Etichetta:Eibon Records
Distribuzione:Aural Music

Tracklist

  1. ENTRANCE
  2. UNDERWATER CALLS 1
  3. UNDERWATER CALLS 2
  4. EXIT

Line up

  • Zairo: hardware
  • M. Magrini: hardware

Voto medio utenti

Il progetto Ohlon nasce nel 2001, ad opera di Zairo e Massimo Magrini, conosciuti forse ai più come i mastermind di, rispettivamente, Where e Bad Sector.
Questo “Underwater Passage” è il loro terzo disco, dopo “Veiovis” del 2001 e “Sinkhole” del 2006.
Se avete mente ai progetti citati potrete intuire dove il sound di Ohlon va a parare. Parliamo di musica latu sensu elettronica, nello specifico Ambient. I nostri però amano definirsi “organic, concrete ambient”, intendo così il loro amore viscerale per il “field recording”, ovvero la registrazione dei suoni in ambienti naturali ma estremi, quali possono essere grotte profonde o profondità marine.
“Underwater Passage” è stato registrato attaccando un microfono ad un cavo marino, lasciato fluttuare a 40 metri di profondità al largo di Livorno.
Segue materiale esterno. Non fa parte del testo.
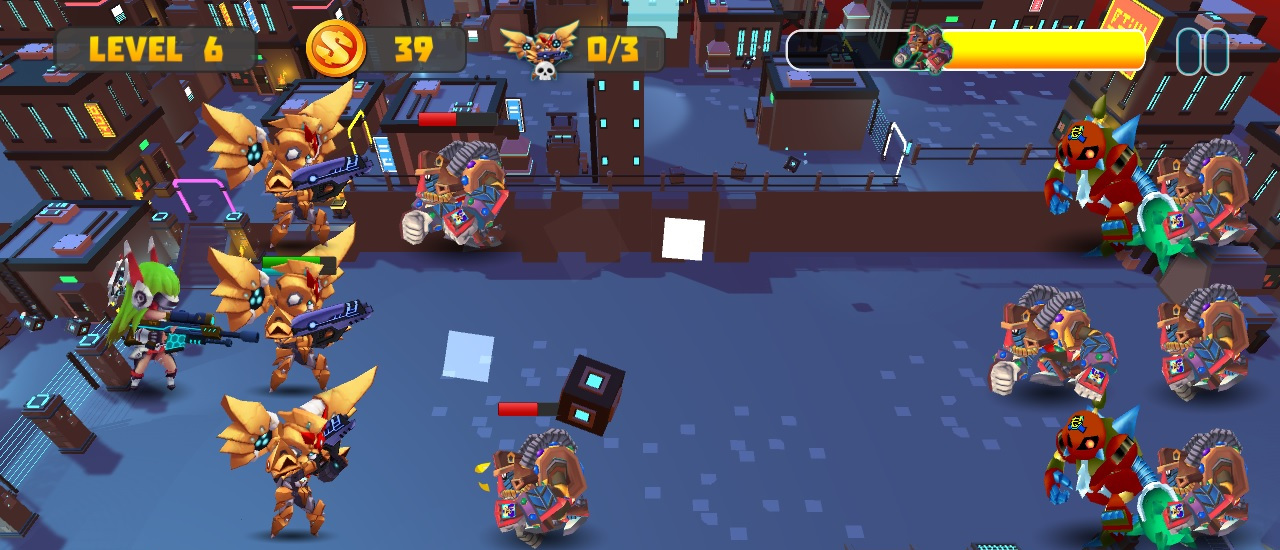 Read more about the article Guardians vs Zombies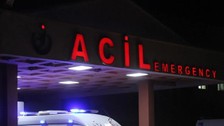 Ankara'da metan gazı patlaması: 1 ölü 3 yaralı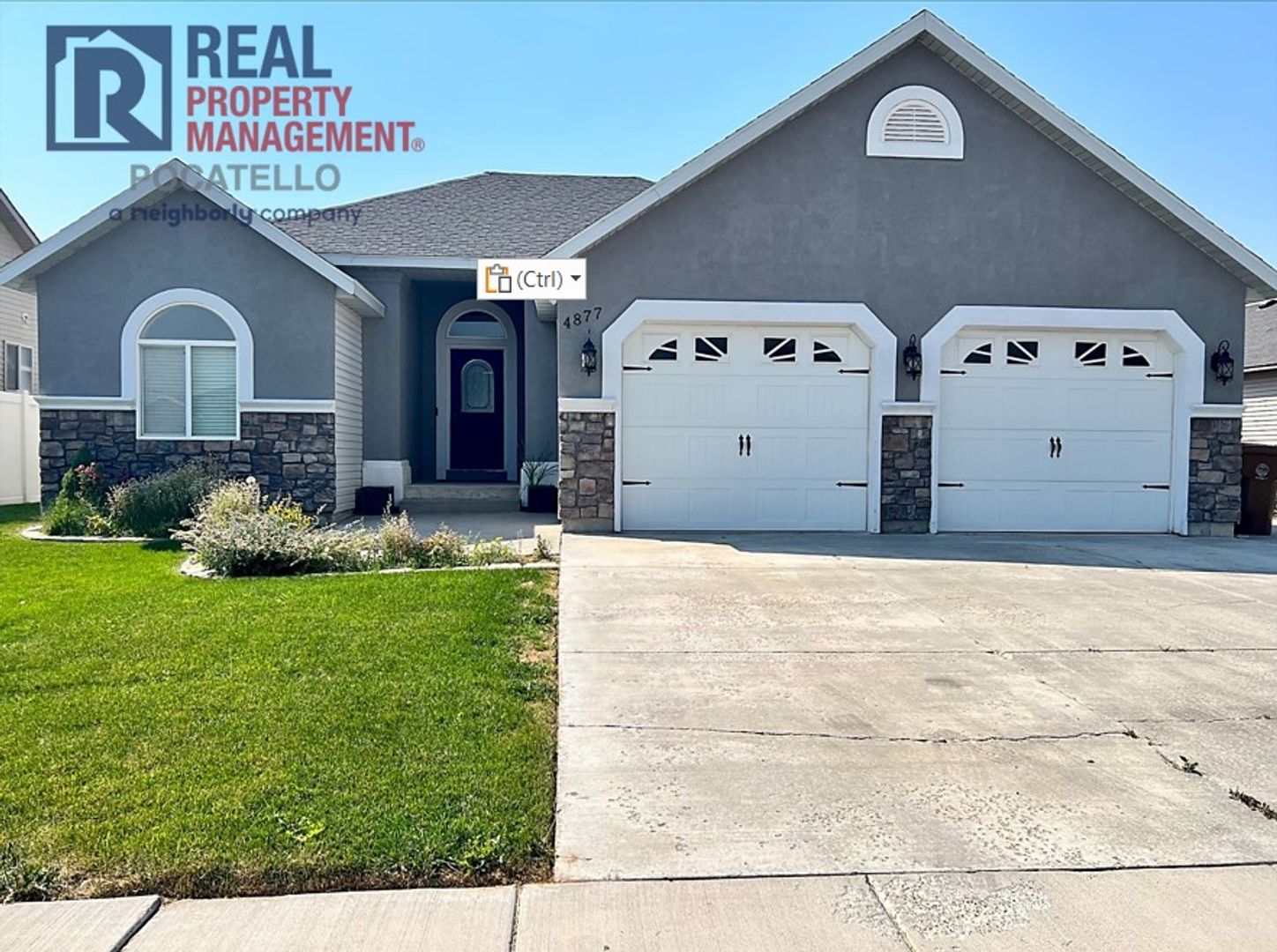 Chubbuck House: 4877 Sabrina Dr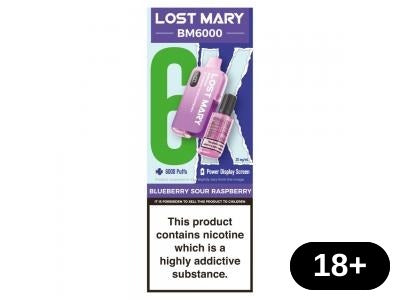 Product image with labels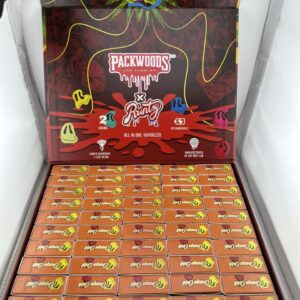 Packwoods x Runtz 2g disposables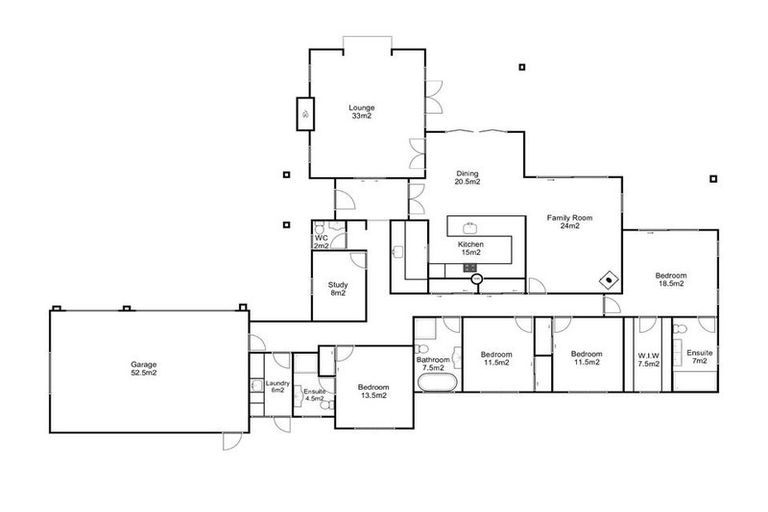 Photo of property in 30 Rossington Drive, West Melton, 7618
La registrazione è stata poi trattata dai due tizi succitati, senza però contaminare la registrazione con sovrastrutture o altri inserti, cercando di catturare l’atmosfera e i suoni di quel mare.
Il disco si compone di un breve intro e un altrettanto breve outro, manco a dirlo l’entrata e l’uscita dall’acqua del microfono, e da due tracks molto lunghe, nell’ordine dei 20 minuti, chiamate “Underwater Calls”.
I due non insistono molto sulle basse frequenze, quindi il senso di claustrofobia e di smarrimento è tutto dovuto alla reale sensazione di trovarsi in mare aperto a quella profondità. Il che per alcuni, specialmente per quelli come me che hanno paura del mare aperto e delle profondità marine, si trasforma in una sorta di viaggio terrificante, con la paura di non riuscire più a risalire, oltre a quella di non riuscire, nella fioca luce di quell’abisso, a vedere cosa si cela nell’ombra.
Tuttavia ripeto questo è un effetto soggettivo, e oserei dire naturale, per nulla amplificato da frequenze artificiali basse e distorte, anzi spesso ci sono frequenze alte.
Il senso di oppressione, la consapevolezza della massa liquida soprastante, sono tangibili, così come il senso di vacuità, la sensazione di fluttuare nella corrente.
Di più non so dire, se non che questo è evidentemente un disco per pochi, pochissimi.